Yahoo News 15 Nov 06
Carbon dioxide (CO2) emissions by Chinese power plants are expected to surpass US utilities' emissions of the main greenhouse gas by 2017, according to the Center for Global Development.
The US think tank, which works to reduce global poverty, said in a report released Wednesday that China's growing economic might is also boosting the country's CO2 emissions.
"If we look ahead over the next 10 years China will overwhelmingly dominate the United States," David Wheeler, the report's author and a former World Bank economist, told AFP.
The CGD's wide-ranging review of emissions from 50,000 power plants around the world found that US power plants emit the most CO2 followed by China's hungry power sector.
US utilities spew out some 2.8 billion tonnes of CO2 annually while Chinese power plants are emitting 2.7 billion tonnes a year, according to the CGD study.
"The numbers we have right now for China and the US are almost at parity," Wheeler said, adding that the CGD is also monitoring Chinese power plants that are being constructed or due to be built.
"From this, we have a pretty good fix on emissions that we can expect," he said.
The survey ranked individual power plants in different countries according to their CO2 emissions.
"Globally, power generation emits nearly 10 billion tonnes of CO2 per year. The US with over 8,000 power plants out of more than 50,000 worldwide, accounts for about 25 percent of that total," the survey found.

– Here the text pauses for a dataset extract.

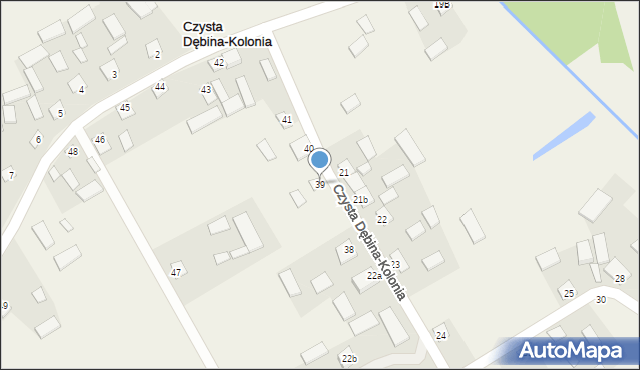 Czysta Dębina-Kolonia, Czysta Dębina-Kolonia, 39, mapa Czysta Dębina-Kolonia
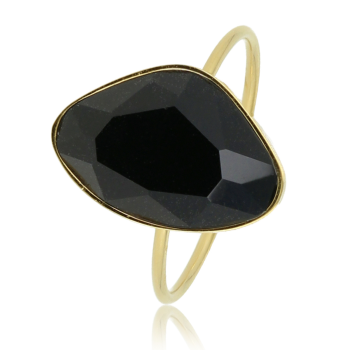 My Bendel Ring, edelstaal verguld. Met zirkonia steen, zwart (maat 16). - 21141 My Bendel Ring, edelstaal verguld. Met zirkonia steen, zwart (maat 16). - 21141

The report claimed that the biggest US CO2 emitter is Southern Co. whose power plants belch out 172 million tonnes of the principal greenhouse gas annually, followed by American Eletric Power Company Inc., Duke Energy Corp., and AES Corp.
China's largest emitter is Huaneng Power International which accounts for 292 million tonnes of CO2 emissions, according to the survey.
The US state with the biggest CO2 emissions from electricity generation is Texas which accounts for 290 million tonnes of emissions, followed by Florida (157 million tons) and Indiana (137 million tons).
Researchers said US emissions were high partly due to high living standards, but also differences in energy policy.
"Europeans, with comparable living standards, emit less than half the power sector CO2 of the average American," said CGD president Nancy Birdsall.
The researchers, who want to speed the shift to less carbon-intensive power generation and minimize global warming, created a data base from their findings.
The online data base called CARMA (Carbon Monitoring for Action) can be accessed at www.carma.org.